**What to produce:**
Would you please print exactly the lines that run from the one with "Bedspread 200 x" to the last line of the data, both included, without any pictures?

Data provided Start Marker

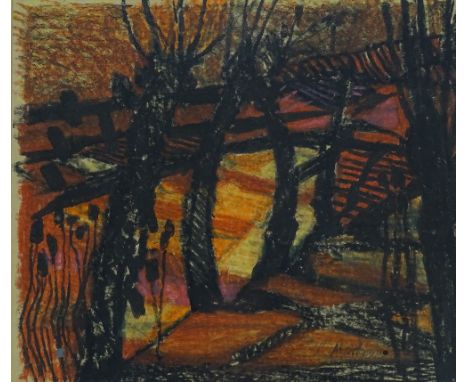 Raymond Martinez (born 1937) oil pastel sketch Landscape, signed, exhibition label verso dated 1967, 22 x 25 cm framed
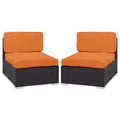 Gather Outdoor Patio Armless Chair Set of 2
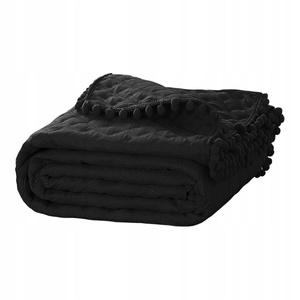 Bedspread 200 x 220 Quilted Two-Sided Pompoo Black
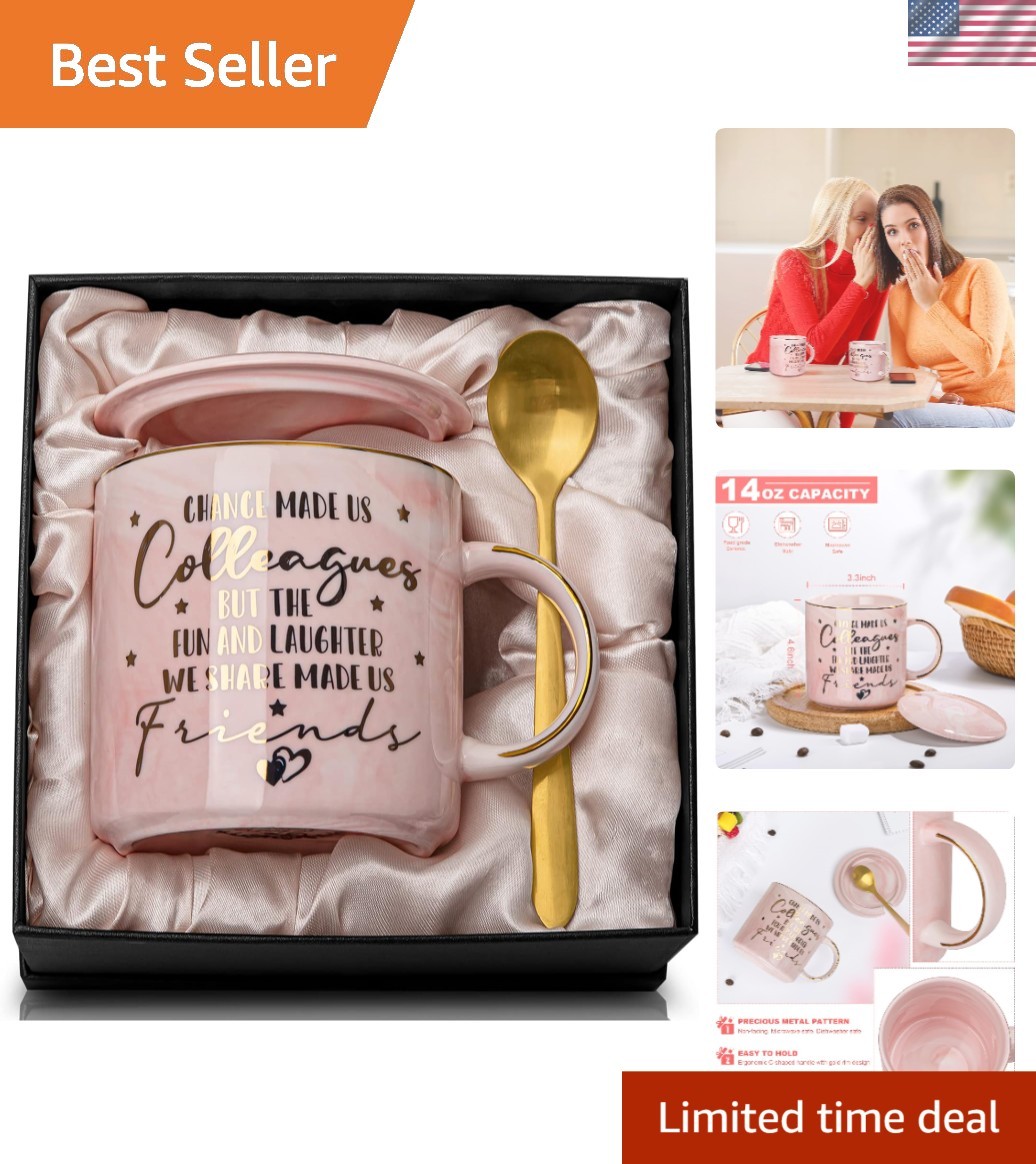 Charming 14oz Marble Mug with Gold Spoon — Ideal Farewell Gift for Friends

Data provided End Marker

**Reply to the task:**
 Bedspread 200 x 220 Quilted Two-Sided Pompoo Black
 Charming 14oz Marble Mug with Gold Spoon — Ideal Farewell Gift for Friends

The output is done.